Caption-style text data:
----------

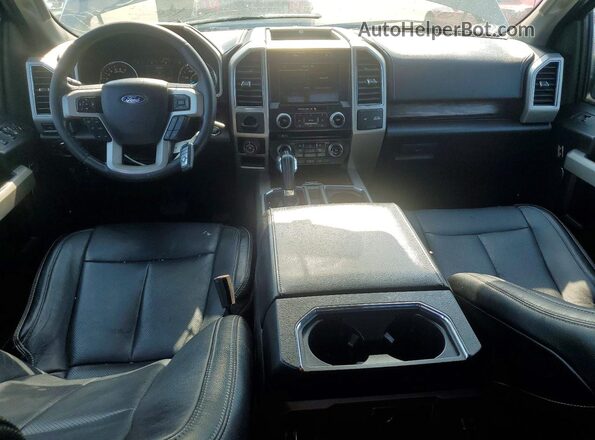 1FTEX1CP5JFC82649 2018 FORD F150 Синий Вид панели приборов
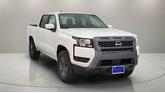 Thumbnail of 2025 Glacier White Nissan Frontier
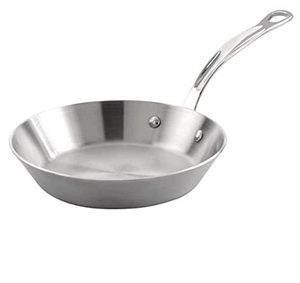 Venta al por mayor de sartén WOK de acero inoxidable con revestimiento antiadherente de panal ecológico y sartén con mango de baquelita - Product Image 4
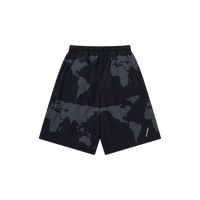 World Map Shorts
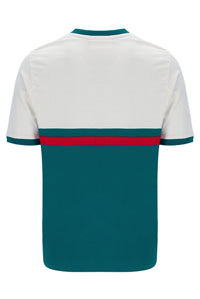 Randy Contrast Rib T-Shirt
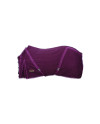 COPERTA COTONE C/COPRICODA CINGHIE INCROCIATE MODELLO MALAGA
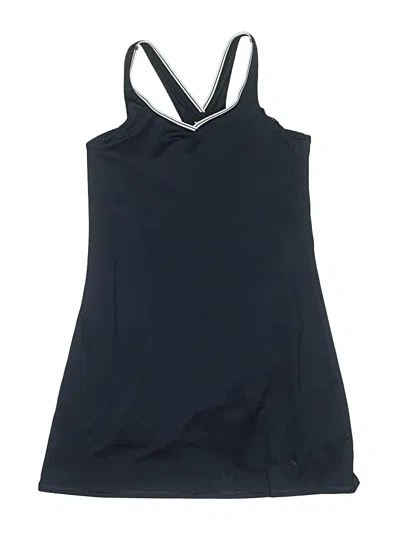 Pre-owned All In Motion Kids' Dress In Blue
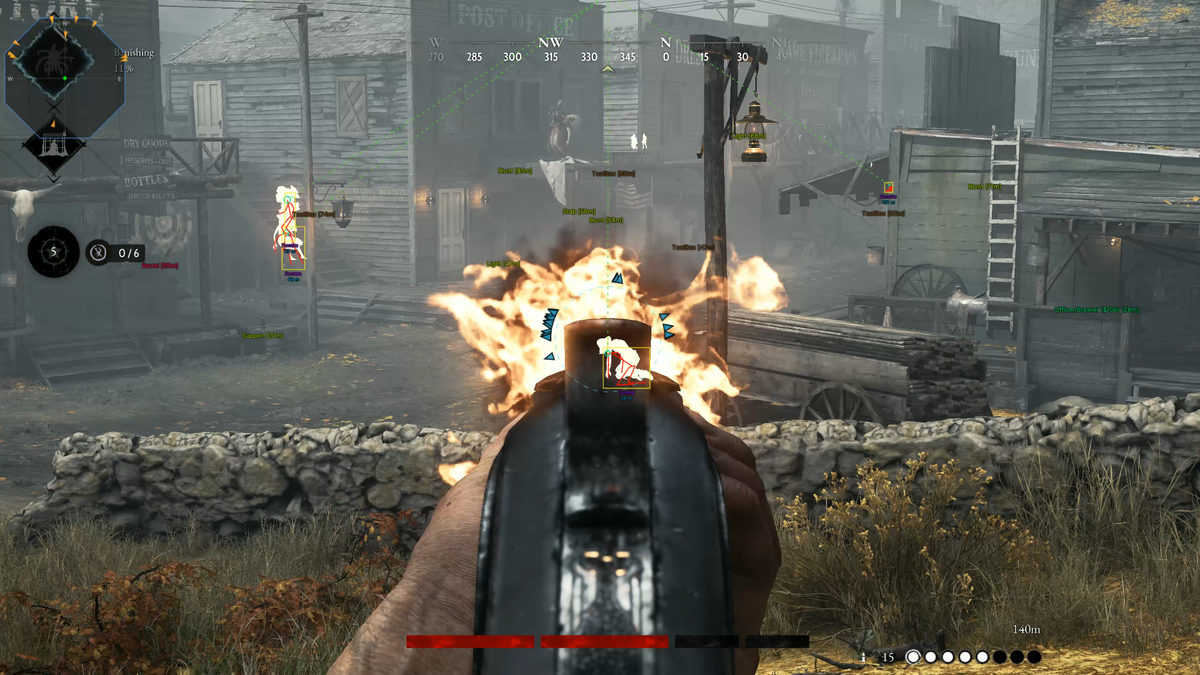 Hunt: Showdown Memory Aimbot FOV smooth settings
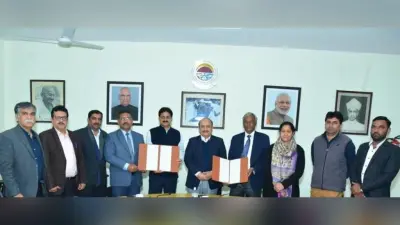 अलीगढ़ मुस्लिम विश्वविद्यालय और कुरूक्षेत्र विश्वविद्यालय के बीच हुआ करार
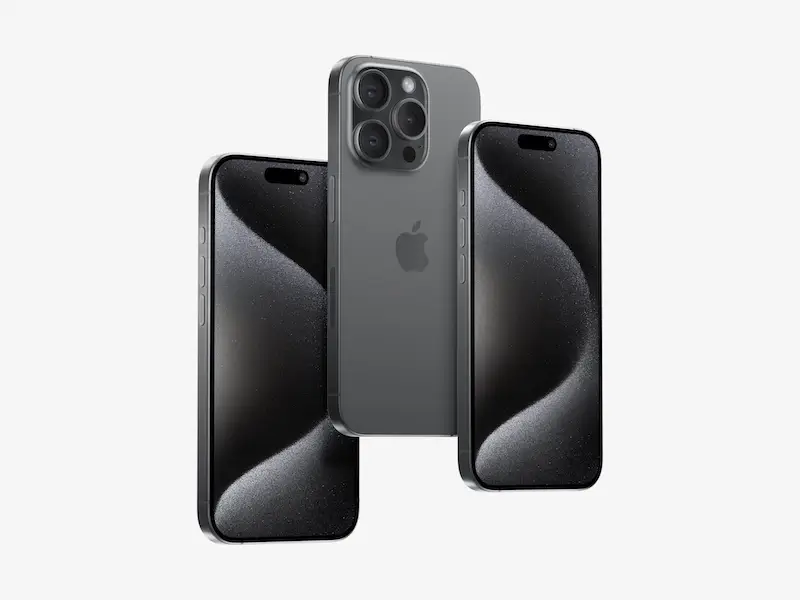 iPhone 15 Pro Mockup, 20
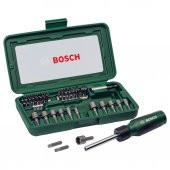 Bosch 46 Parça Cırcırlı Tornavida Seti - 1
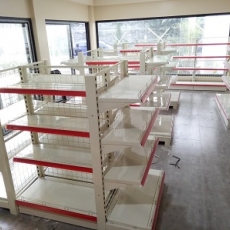 Light Duty Display Rack - Wiremesh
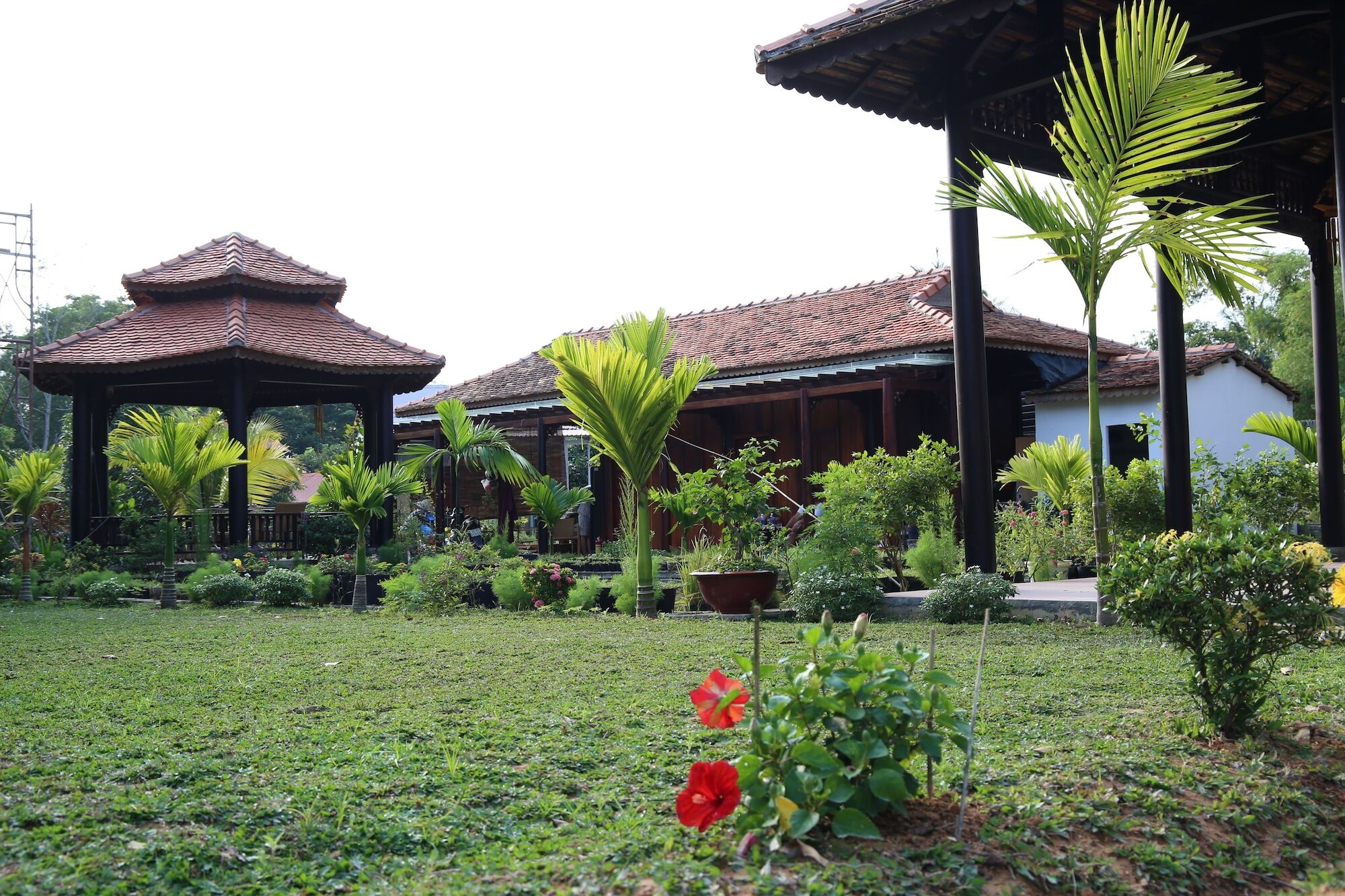 Phu Quoc Areca Garden Bungalow Bagian luar foto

----------

WHAT YOU SHOULD DO:
What is needed is every record above printed exactly, with no pictures.

EXPECTED ANSWER:
 1FTEX1CP5JFC82649 2018 FORD F150 Синий Вид панели приборов
 Thumbnail of 2025 Glacier White Nissan Frontier
 Venta al por mayor de sartén WOK de acero inoxidable con revestimiento antiadherente de panal ecológico y sartén con mango de baquelita - Product Image 4
 World Map Shorts
 Randy Contrast Rib T-Shirt
 COPERTA COTONE C/COPRICODA CINGHIE INCROCIATE MODELLO MALAGA
 Pre-owned All In Motion Kids' Dress In Blue
 Hunt: Showdown Memory Aimbot FOV smooth settings
 अलीगढ़ मुस्लिम विश्वविद्यालय और कुरूक्षेत्र विश्वविद्यालय के बीच हुआ करार
 iPhone 15 Pro Mockup, 20
 Bosch 46 Parça Cırcırlı Tornavida Seti - 1
 Light Duty Display Rack - Wiremesh
 Phu Quoc Areca Garden Bungalow Bagian luar foto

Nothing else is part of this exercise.